According to the county’s department of social services, the number of homeless people in San Luis Obispo County rose by nearly 32 percent in 2019, compared to a count two years ago. The latest estimated numbers were released Thursday.
This year, on a day in January, volunteers fanned out across the county and counted 1,483 people as homeless. Of those, 74% reported becoming homeless while living in the county, and Atascadero was most frequently cited as the last place they were living before becoming homeless.
“We expected some increase, because heavy rains in 2017 would have caused more people to seek shelter rather than remain in riverbeds and other waterways where they normally would have stayed,” said county homeless services coordinator Laurel Weir in a release accompanying the report.
The county pointed to a new report from the National Low Income Housing Coalition, which found countywide, the fair market rent on a two-bedroom apartment had gone up 18 percent, while renters’ average hourly wages had increased by nine percent.

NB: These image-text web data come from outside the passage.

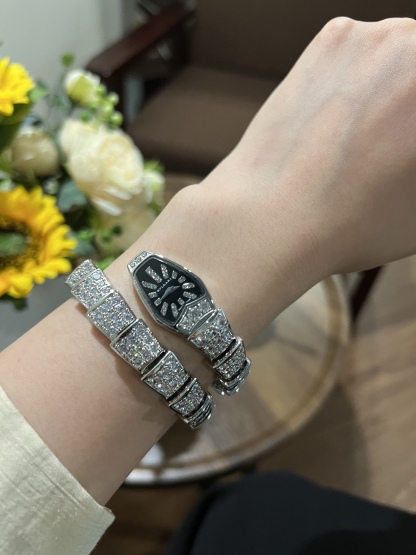 寶格麗Serpentine-Spiga🐍系列腕表
表殼：316#精鋼
錶盤：天然母貝 黑搪瓷
錶帶：K金鑲嵌鋯石做法
機芯：瑞士石英機芯
現代感的設計融合古老的象徵意味，Serpenti Spiga上的麥穗圖案傳遞出無窮韻味，精美的表環已化為永恆的象徵。同時，腕表誘人的單圈蜿蜒的表環如蛇般纏繞於手腕之上。在獨特的麥穗花紋的表環的頂端，一枚精緻的蛇頭狀錶盤使其更臻完美。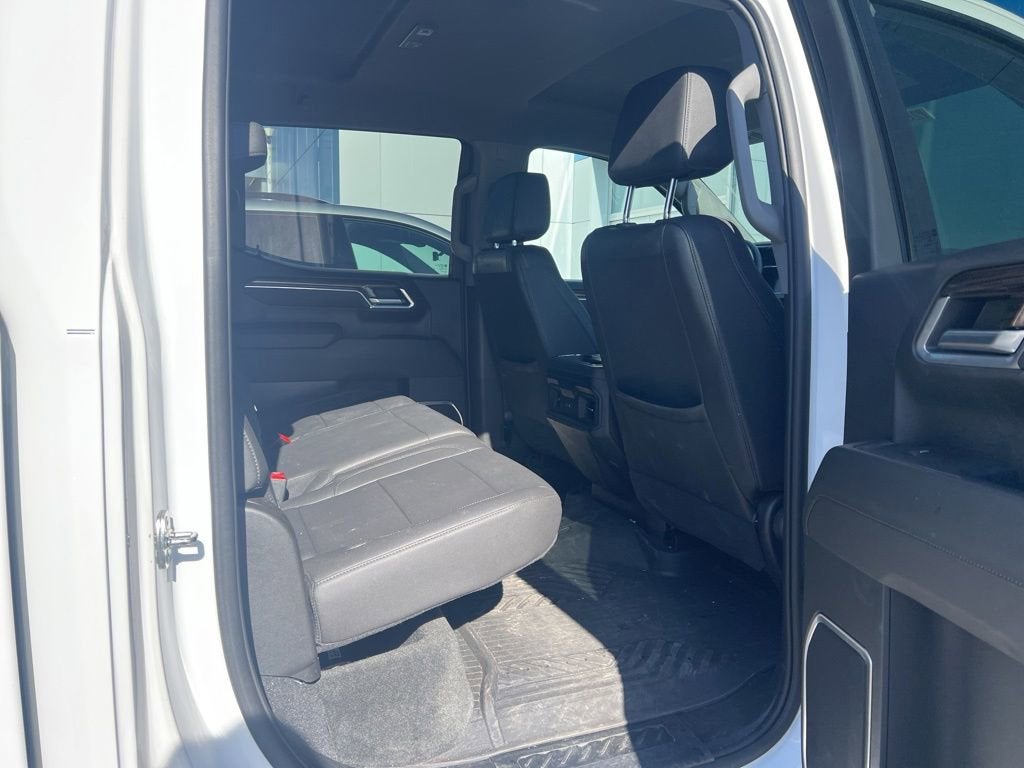 2023 Chevrolet Silverado 1500 LT - Photo 7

After the one-day count, county staffers gave a survey to 418 of those counted as homeless, to flesh out demographic information. 88% said they were unemployed, with half reporting they were unable to look for work. 44% had been in San Luis Obispo County for ten or more years. And as for reasons given for becoming homeless, 30% said they had lost their job, 20% said it was because of issues with alcohol or drugs, and 17% had been evicted from their former residence.